Desta forma, as enfermeiras parecem não perceber que, quando assumem todas as atividades e funções como sendo de sua responsabilidade, tornam seu trabalho invisível à organização onde trabalham, à equipe de saúde, à sociedade e a si próprias, já que a sobrecarga de trabalho impede a devida realização das atividades, ou seja, imprime a sensação de incompletude, de que não se realizou tudo aquilo que se desejava e que era necessário ao processamento do trabalho.

Outro fator apontado como contribuindo para a não especificidade do trabalho da enfermeira é a falta de sistematização de sua prática, com dispêndio considerável de tempo em ações que não têm possibilidade de registro e de quantificação, que não são valorizadas por outros profissionais e que contribuem para a invisibilidade profissional. Essas ações, normalmente em forma de orientação, costumam ser realizadas nos corredores ou na sala de espera das Unidades Básica de Saúde, locais onde os usuários podem interpelar os enfermeiros para solicitar ajuda de forma verbal, sem possibilidade de registro formal no prontuário do usuário. Assim, a ação fica sem possibilidade de verificação posterior por outros profissionais e até por ela própria, não permitindo uma continuidade no cuidado (artigos 1 e 33). Desta forma, a sistematização da prática é considerada como necessária para dar uma maior visibilidade e conferir especificidade ao trabalho da enfermeira.
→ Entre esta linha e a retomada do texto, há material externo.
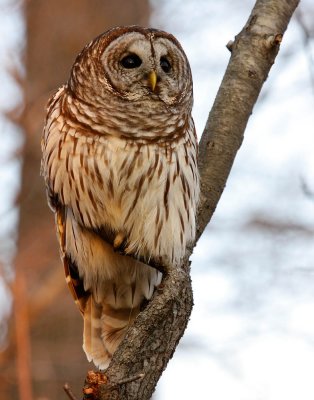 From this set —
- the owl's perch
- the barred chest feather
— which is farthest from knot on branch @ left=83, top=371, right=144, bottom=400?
the barred chest feather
Considerando-se os estudos analisados, destacamos a falta de uma explanação conceitual sobre o que se considera por especificidade do trabalho da enfermeira. Assim, sem aprofundamento teórico torna-se difícil compreender e avaliar o que os estudos apresentam como sendo ou não específico a esse trabalho, impedindo que haja avanços no conhecimento.

Consideramos que são necessários novos estudos que aprofundem essa temática e que tenham como objetivo identificar o que confere especificidade e identidade ao trabalho da enfermeira de modo a proporcionar maior visibilidade social e econômica à profissão.